» Information shown:
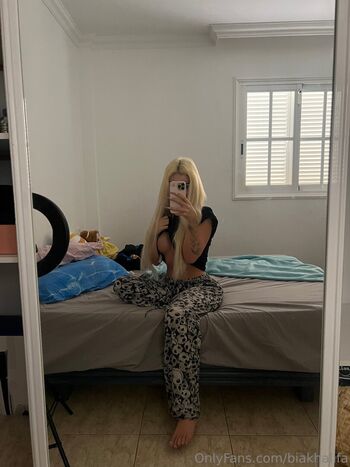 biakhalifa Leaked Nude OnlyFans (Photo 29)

---

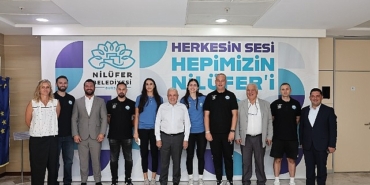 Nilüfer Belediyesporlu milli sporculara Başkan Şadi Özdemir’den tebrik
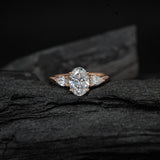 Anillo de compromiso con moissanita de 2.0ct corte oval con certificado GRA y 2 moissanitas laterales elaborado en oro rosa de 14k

» Problem to solve: A word-for-word reproduction is needed of the lines above from the line containing "Nilüfer Belediyesporlu milli" through the line containing "Anillo de compromiso", with both ends kept and no pictures.

» Answer:
 Nilüfer Belediyesporlu milli sporculara Başkan Şadi Özdemir’den tebrik
 Anillo de compromiso con moissanita de 2.0ct corte oval con certificado GRA y 2 moissanitas laterales elaborado en oro rosa de 14k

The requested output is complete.